Date of this Version
We consider the local and global well-posedness of the coupled nonlinear wave equations
utt – Δu + g1(ut) = f1(u, v)
vtt – Δv + g2(vt) = f2(u, v);
in a bounded domain Ω subset of the real numbers (Rn) with a nonlinear Robin boundary condition on u and a zero boundary conditions on v. The nonlinearities f1(u, v) and f2(u, v) are with supercritical exponents representing strong sources, while g1(ut) and g2(vt) act as damping. It is well-known that the presence of a nonlinear boundary source causes significant difficulties since the linear Neumann problem for the single wave equation is not, in general, well-posed in the finite-energy space H1(Ω) × L2(∂Ω) with boundary data from L2(∂Ω) (due to the failure of the uniform Lopatinskii condition). Additional challenges stem from the fact that the sources considered in this dissertation are non-dissipative and are not locally Lipschitz from H1(Ω) into L2(Ω) or L2(∂Ω). By employing nonlinear semigroups and the theory of monotone operators, we obtain several results on the existence of local and global weak solutions, and uniqueness of weak solutions. Moreover, we prove that such unique solutions depend continuously on the initial data. Under some restrictions on the parameters, we also prove that every weak solution to our system blows up in finite time, provided the initial energy is negative and the sources are more dominant than the damping in the system.

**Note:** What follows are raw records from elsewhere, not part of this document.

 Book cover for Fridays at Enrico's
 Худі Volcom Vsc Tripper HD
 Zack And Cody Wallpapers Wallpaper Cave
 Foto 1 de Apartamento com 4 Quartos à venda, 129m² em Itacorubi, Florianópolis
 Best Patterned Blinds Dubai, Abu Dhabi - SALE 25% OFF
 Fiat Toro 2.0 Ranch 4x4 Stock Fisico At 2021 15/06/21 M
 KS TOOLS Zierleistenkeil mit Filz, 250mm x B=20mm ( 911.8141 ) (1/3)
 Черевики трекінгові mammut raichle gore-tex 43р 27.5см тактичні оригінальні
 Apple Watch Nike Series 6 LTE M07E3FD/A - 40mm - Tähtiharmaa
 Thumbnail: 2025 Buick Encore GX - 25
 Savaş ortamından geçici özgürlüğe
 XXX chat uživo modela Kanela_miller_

Additional results are obtained via careful analysis involving the Nehari Manifold. Specifically, we prove the existence of a unique global weak solution with initial data coming from the “good" part of the potential well. For such a global solution, we prove that the total energy of the system decays exponentially or algebraically, depending on the behavior of the dissipation in the system near the origin. Moreover, we prove a blow up result for weak solutions with nonnegative initial energy. Finally, we establish important generalization of classical results by H. Brézis in 1972 on convex integrals on Sobolev spaces. These results allowed us to overcome a major technical difficulty that faced us in the proof of the local existence of weak solutions.